Michel Barnier a été commissaire européen au marché intérieur et aux services financiers avant d’être nommé négociateur en chef du Brexit. Celui qui se qualifie lui-même de "patriote et européen" conseille aujourd’hui Valérie Pécresse dans le cadre de l’élection présidentielle. Pour Décideurs, il revient sur sa vision de l’Europe.

Décideurs. Vous avez été commissaire au marché intérieur et aux services financiers de 2010 à 2014. Soit après la crise de 2008. Quelle a été la réponse de Bruxelles à celle-ci ?

Michel Barnier. Au moment de la chute du mur de Berlin et de la globalisation, l’UE a dérégulé de manière un peu unilatérale son économie pour faciliter les échanges. Ce qui a conduit à des comportements insensés de la part d’un certain nombre d’acteurs financiers qui se sont crus tout permis après trente ans de dérégulation. Je considère que l’une des grandes fautes de l’Europe a été ce vent d’ultralibéralisme, qui ne correspond pas à ce que je crois être le libéralisme.
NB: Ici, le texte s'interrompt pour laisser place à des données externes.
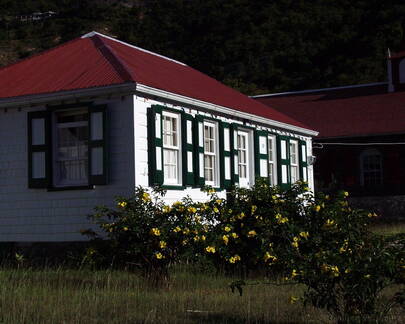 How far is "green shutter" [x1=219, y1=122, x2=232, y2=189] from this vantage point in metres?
15.6

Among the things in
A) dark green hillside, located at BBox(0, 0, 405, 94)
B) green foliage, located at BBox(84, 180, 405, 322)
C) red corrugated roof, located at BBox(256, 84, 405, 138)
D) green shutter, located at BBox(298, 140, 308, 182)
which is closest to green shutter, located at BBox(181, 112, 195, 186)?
green foliage, located at BBox(84, 180, 405, 322)

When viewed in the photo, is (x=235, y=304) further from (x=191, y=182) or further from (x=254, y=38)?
(x=254, y=38)

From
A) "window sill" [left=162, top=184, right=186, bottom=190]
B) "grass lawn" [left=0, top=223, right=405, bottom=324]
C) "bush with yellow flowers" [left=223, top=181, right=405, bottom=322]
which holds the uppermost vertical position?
"window sill" [left=162, top=184, right=186, bottom=190]

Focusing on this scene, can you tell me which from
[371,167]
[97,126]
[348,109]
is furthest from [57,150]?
[348,109]

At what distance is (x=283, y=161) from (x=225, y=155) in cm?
324

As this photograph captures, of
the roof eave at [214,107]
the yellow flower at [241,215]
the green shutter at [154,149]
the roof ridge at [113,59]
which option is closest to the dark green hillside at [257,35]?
the roof eave at [214,107]

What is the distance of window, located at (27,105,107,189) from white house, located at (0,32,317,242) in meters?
0.02

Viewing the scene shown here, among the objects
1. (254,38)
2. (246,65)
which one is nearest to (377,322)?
(246,65)

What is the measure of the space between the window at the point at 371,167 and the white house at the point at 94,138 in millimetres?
13652

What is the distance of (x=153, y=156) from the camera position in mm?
13000

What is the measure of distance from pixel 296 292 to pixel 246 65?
157 feet

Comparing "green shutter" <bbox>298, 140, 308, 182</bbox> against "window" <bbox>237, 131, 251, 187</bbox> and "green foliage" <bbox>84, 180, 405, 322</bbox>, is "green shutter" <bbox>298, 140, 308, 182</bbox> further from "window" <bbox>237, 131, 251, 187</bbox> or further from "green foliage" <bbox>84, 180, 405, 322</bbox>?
"green foliage" <bbox>84, 180, 405, 322</bbox>

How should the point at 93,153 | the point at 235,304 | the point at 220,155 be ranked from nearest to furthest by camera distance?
the point at 235,304, the point at 93,153, the point at 220,155

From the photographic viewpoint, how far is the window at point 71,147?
1345 cm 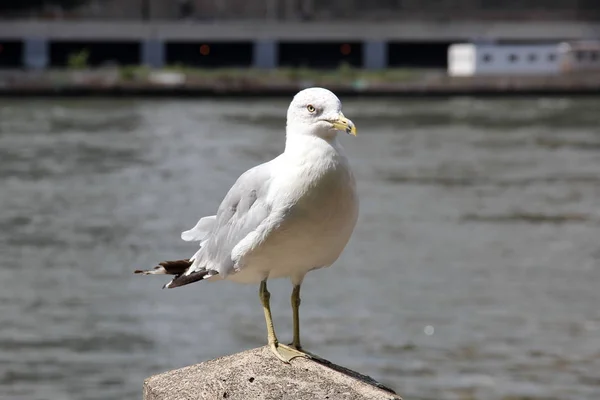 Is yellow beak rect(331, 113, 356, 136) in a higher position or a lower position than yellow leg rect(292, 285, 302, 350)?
higher

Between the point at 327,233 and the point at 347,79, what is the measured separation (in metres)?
42.1

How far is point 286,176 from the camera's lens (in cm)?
346

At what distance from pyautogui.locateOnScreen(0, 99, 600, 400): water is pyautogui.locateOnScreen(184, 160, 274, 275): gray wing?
4.51 metres

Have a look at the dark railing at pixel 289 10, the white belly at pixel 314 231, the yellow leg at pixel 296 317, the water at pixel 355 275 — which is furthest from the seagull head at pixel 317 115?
the dark railing at pixel 289 10

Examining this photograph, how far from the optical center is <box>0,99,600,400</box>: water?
8945 mm

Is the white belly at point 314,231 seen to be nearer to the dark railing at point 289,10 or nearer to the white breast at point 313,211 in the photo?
the white breast at point 313,211

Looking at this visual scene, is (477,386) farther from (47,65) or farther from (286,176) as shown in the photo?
(47,65)

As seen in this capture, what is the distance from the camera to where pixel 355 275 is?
1247 cm

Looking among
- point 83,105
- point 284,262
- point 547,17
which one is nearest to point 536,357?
point 284,262

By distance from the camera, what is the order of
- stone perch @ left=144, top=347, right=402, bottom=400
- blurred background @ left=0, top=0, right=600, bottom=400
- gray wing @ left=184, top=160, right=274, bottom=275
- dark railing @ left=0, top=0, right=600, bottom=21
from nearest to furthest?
stone perch @ left=144, top=347, right=402, bottom=400 → gray wing @ left=184, top=160, right=274, bottom=275 → blurred background @ left=0, top=0, right=600, bottom=400 → dark railing @ left=0, top=0, right=600, bottom=21

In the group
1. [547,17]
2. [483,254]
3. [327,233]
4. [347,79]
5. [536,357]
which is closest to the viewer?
[327,233]

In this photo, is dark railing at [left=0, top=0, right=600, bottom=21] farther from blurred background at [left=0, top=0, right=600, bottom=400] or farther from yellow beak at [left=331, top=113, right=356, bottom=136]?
yellow beak at [left=331, top=113, right=356, bottom=136]

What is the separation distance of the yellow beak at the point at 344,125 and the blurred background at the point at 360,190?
505cm

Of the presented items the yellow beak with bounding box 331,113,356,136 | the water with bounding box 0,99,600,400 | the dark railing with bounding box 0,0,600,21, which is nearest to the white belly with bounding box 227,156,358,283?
the yellow beak with bounding box 331,113,356,136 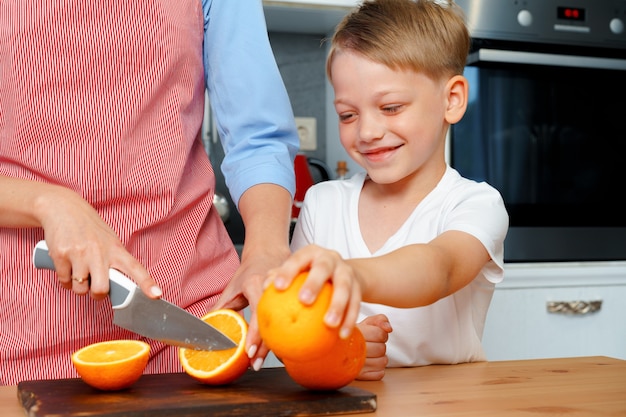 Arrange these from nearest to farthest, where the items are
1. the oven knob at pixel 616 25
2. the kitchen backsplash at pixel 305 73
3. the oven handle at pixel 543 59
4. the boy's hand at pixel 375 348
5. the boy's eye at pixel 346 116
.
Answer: the boy's hand at pixel 375 348 → the boy's eye at pixel 346 116 → the oven handle at pixel 543 59 → the oven knob at pixel 616 25 → the kitchen backsplash at pixel 305 73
Voilà pourquoi on a ressenti aussi violemment la crise venue des États-Unis. Le G20 s’est réuni plusieurs fois et en 2010 j’ai trouvé sur mon bureau une feuille de route assez précise, que j’ai mise en œuvre à travers 41 lois de régulation financière. Mon travail a consisté, avec l’aide du Parlement européen et des gouvernements, à remettre de l’ordre, de la responsabilité, de la régulation et un peu plus d’éthique et de morale, là où elle avait disparu afin que les services financiers soient un peu plus au service de l’économie réelle. Vous qui vous êtes frotté aux négociations européennes.
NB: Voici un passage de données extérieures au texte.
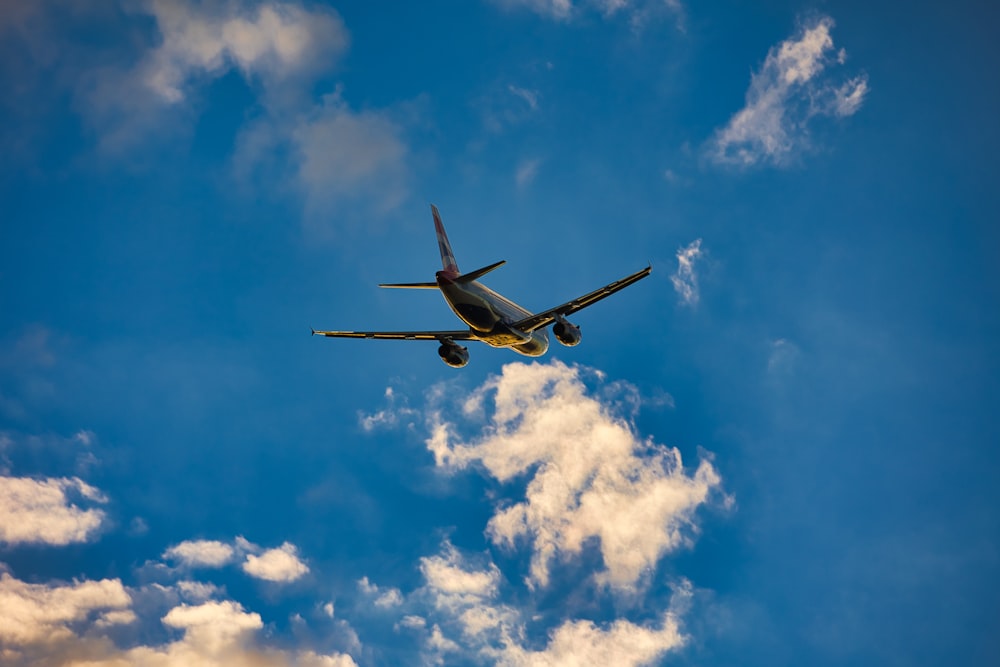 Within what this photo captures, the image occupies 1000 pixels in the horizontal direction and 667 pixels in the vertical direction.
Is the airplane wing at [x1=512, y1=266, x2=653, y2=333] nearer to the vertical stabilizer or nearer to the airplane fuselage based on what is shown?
the airplane fuselage

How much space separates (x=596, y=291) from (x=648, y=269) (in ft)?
14.3

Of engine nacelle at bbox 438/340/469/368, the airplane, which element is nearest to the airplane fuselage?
the airplane

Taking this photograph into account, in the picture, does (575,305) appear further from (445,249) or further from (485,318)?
(445,249)

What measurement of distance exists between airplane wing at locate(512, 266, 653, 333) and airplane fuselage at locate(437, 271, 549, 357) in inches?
37.4

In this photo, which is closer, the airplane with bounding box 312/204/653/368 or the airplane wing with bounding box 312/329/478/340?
the airplane with bounding box 312/204/653/368

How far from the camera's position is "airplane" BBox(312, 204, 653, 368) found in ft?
193

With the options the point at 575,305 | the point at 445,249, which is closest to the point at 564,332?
the point at 575,305

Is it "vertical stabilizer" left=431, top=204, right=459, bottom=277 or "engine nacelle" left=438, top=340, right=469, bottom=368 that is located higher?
"vertical stabilizer" left=431, top=204, right=459, bottom=277

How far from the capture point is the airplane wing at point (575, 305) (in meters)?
55.4

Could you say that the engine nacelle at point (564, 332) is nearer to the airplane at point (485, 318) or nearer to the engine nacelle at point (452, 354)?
the airplane at point (485, 318)

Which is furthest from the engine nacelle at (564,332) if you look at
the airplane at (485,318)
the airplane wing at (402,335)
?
the airplane wing at (402,335)

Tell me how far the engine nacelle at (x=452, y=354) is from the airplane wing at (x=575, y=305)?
25.5 ft

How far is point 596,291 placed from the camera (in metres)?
57.3

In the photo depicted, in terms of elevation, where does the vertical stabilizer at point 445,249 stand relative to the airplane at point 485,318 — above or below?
above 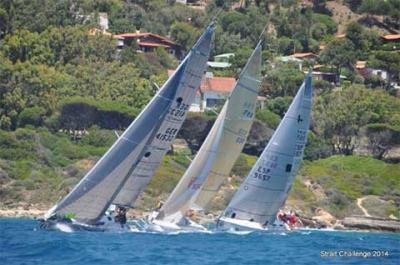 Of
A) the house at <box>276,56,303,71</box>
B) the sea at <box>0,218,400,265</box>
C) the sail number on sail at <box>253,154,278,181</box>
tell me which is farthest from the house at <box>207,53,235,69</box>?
the sail number on sail at <box>253,154,278,181</box>

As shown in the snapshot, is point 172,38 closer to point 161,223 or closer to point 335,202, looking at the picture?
point 335,202

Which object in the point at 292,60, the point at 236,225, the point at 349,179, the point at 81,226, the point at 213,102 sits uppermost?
the point at 81,226

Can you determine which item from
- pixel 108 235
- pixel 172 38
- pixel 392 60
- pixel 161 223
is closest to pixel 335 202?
pixel 161 223

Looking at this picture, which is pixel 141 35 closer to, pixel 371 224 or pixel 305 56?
pixel 305 56

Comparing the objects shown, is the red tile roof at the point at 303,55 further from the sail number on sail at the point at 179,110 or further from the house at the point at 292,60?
the sail number on sail at the point at 179,110

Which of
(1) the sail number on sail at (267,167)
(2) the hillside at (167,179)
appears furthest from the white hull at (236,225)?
(2) the hillside at (167,179)

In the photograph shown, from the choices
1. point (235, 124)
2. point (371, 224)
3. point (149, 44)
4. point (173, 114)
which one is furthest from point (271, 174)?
point (149, 44)

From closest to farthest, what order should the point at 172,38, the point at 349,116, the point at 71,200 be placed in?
the point at 71,200 → the point at 349,116 → the point at 172,38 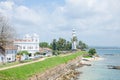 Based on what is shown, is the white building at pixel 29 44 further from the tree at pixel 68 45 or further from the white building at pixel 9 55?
the tree at pixel 68 45

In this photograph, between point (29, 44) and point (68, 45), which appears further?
point (68, 45)

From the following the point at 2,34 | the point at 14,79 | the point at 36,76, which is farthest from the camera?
the point at 2,34

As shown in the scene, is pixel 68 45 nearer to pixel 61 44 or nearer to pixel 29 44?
pixel 61 44

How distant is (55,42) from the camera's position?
17538 centimetres

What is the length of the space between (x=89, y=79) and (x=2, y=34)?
22925mm

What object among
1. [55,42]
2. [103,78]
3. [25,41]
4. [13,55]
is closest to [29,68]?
[103,78]

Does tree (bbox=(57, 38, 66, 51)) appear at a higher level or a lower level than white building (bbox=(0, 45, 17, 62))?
higher

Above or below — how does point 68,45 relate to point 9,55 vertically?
above

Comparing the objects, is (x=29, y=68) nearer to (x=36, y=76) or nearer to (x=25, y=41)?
(x=36, y=76)

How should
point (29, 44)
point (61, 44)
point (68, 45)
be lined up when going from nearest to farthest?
point (29, 44) → point (61, 44) → point (68, 45)

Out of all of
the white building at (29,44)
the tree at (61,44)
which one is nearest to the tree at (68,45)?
the tree at (61,44)

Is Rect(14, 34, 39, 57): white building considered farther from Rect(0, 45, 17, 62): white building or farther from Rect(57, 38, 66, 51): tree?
Rect(57, 38, 66, 51): tree

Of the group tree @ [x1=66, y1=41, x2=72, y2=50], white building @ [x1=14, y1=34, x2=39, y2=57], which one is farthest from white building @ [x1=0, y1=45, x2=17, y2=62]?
tree @ [x1=66, y1=41, x2=72, y2=50]

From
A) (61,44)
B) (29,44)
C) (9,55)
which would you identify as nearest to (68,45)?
(61,44) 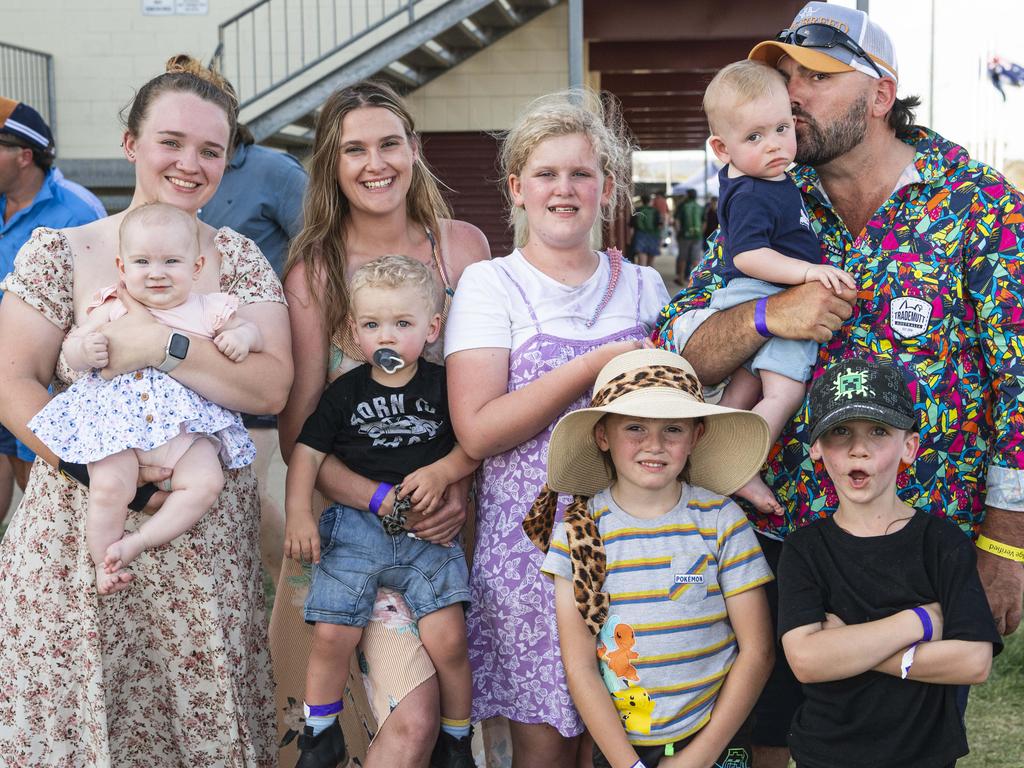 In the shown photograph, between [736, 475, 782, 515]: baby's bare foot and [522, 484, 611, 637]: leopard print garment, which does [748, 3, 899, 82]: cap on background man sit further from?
[522, 484, 611, 637]: leopard print garment

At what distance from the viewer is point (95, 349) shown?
262 cm

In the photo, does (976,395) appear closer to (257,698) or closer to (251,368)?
(251,368)

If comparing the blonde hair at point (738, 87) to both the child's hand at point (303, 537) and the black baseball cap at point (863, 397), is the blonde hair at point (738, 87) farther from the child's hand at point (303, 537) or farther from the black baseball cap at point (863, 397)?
the child's hand at point (303, 537)

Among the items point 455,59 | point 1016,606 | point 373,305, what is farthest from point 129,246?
point 455,59

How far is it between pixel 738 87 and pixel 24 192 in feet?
13.0

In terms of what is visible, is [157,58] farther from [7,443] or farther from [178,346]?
[178,346]

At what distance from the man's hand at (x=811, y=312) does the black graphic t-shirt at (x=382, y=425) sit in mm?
905

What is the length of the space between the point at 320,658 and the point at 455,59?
1051 centimetres

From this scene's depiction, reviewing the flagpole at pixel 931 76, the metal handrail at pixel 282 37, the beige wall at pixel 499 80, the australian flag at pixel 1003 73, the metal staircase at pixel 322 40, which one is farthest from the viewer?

Pensiez-vous qu’un accord sur un plan de relance comme celui voté en 2020 était possible ?

C’était encore improbable il y a cinq ans. Mais à l’époque on n’avait jamais connu de crise comme celle-ci qui a conduit à un arrêt de l’économie dans le monde. À crise exceptionnelle, mesures exceptionnelles. Un mouvement considérable a été fait, en particulier, avec et par l’Allemagne pour que les pays empruntent et investissent ensemble. Je crois que c’est la bonne méthode pour protéger les citoyens.
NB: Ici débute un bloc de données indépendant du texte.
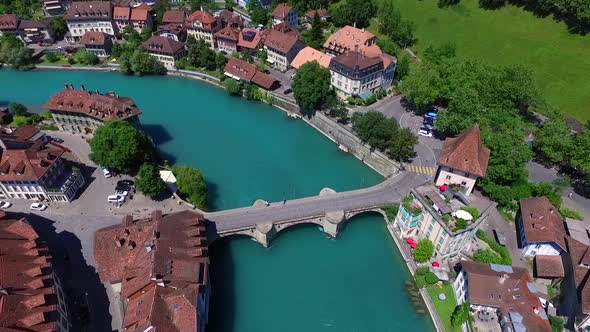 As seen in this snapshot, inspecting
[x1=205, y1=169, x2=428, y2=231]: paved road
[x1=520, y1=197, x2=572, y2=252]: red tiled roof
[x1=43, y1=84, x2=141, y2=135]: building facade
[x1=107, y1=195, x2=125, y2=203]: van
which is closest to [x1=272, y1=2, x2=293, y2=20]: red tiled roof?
[x1=43, y1=84, x2=141, y2=135]: building facade

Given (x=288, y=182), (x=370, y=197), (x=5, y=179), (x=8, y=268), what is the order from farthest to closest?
(x=288, y=182)
(x=370, y=197)
(x=5, y=179)
(x=8, y=268)

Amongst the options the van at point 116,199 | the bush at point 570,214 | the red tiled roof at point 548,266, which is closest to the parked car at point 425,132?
the bush at point 570,214

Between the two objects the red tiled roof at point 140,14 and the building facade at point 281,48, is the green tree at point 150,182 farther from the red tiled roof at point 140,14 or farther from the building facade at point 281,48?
the red tiled roof at point 140,14

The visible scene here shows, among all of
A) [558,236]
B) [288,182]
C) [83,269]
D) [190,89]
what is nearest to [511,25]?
[558,236]

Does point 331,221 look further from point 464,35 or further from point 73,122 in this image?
point 464,35

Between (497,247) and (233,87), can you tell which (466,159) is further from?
(233,87)

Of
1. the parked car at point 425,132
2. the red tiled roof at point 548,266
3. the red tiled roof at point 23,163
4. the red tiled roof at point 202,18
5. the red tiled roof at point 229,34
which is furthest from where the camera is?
the red tiled roof at point 202,18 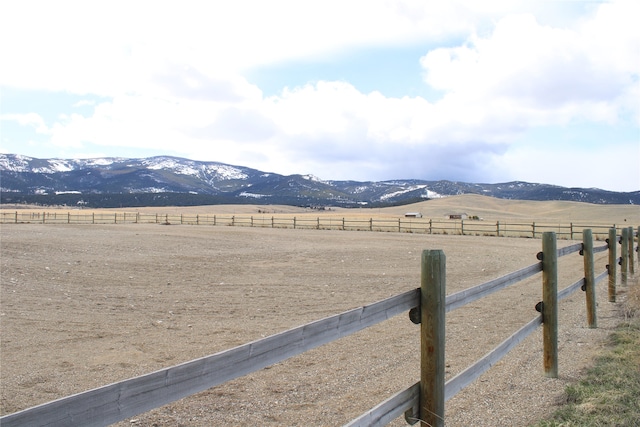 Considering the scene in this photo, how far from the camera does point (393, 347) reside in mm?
7594

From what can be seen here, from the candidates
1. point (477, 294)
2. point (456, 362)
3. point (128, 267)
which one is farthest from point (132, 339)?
point (128, 267)

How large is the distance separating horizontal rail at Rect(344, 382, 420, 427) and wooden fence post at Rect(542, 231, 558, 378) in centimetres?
301

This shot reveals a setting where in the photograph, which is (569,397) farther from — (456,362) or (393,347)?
(393,347)

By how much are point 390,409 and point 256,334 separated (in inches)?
223

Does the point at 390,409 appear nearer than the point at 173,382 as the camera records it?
No

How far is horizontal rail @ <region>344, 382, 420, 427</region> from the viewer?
2.99 m

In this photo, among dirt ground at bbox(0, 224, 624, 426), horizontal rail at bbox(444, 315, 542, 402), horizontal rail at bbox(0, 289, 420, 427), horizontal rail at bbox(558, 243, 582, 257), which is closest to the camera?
horizontal rail at bbox(0, 289, 420, 427)

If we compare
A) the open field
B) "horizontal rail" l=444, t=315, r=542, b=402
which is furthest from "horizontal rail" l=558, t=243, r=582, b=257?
the open field

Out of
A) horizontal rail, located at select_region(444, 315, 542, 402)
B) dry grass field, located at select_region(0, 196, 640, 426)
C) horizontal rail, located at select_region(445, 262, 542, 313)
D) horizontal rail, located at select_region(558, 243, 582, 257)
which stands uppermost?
horizontal rail, located at select_region(558, 243, 582, 257)

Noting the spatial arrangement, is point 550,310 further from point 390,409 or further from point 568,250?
point 390,409

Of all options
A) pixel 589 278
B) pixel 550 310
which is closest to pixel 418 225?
pixel 589 278

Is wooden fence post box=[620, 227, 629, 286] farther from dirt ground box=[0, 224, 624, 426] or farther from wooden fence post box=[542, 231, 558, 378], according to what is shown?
wooden fence post box=[542, 231, 558, 378]

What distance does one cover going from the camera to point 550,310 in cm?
605

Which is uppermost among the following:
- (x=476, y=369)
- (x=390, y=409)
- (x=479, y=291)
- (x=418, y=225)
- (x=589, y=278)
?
(x=479, y=291)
L’Europe fait-elle ce qu’il faut pour être plus compétitive ?

La compétitivité de l’Europe ne dépend pas que de l’UE mais aussi de la compétitivité de chaque pays, de leurs faiblesses. En France, nous avons les nôtres : 35 heures, niveau d’imposition, bureaucratie… Chacun doit mettre de l’ordre chez lui et par lui-même. Au niveau européen, nous devons être moins naïfs dans nos échanges avec la Chine et les États-Unis qui, eux, ne se gênent pas pour soutenir leurs secteurs stratégiques. On devrait aussi évaluer un certain nombre de règles d’État lorsqu’elles freinent des regroupements sur des marchés où des initiatives industrielles devraient être encouragées.

"La compétitivité de l'Europe dépend de la compétitivité de chaque pays. Chacun doit mettre de l'ordre chez lui"

Pensez-vous qu’il faudrait aller vers davantage de souveraineté européenne ?

Je n’aime pas beaucoup ce mot de souveraineté européenne. Je lui préfère celui de la liberté pour les Européens. C’est d’ailleurs le titre d’un livre que j’avais écrit en 2014 : Se reposer ou être libre, dans lequel je cite Périclès disant aux Athéniens au moment de la guerre du Péloponnèse: "Être libre ou se reposer. Il faut choisir." Je milite davantage pour une addition des souverainetés nationales, pour des souverainetés plus solidaires. Mais sans que cela mène à une Europe fédérale. Il faut faire attention aux peuples et ne pas "les broyer comme dans une purée de marrons", selon la formule du général de Gaulle, et respecter leurs identités. Il faut assumer la complexité du fonctionnement de l’Europe qui ne peut par principe être simple. Il faudrait également réaliser une évaluation critique de la manière dont nous avons appliqué les normes européennes dans notre propre pays. Car parfois nous avons fait preuve de trop de zèle.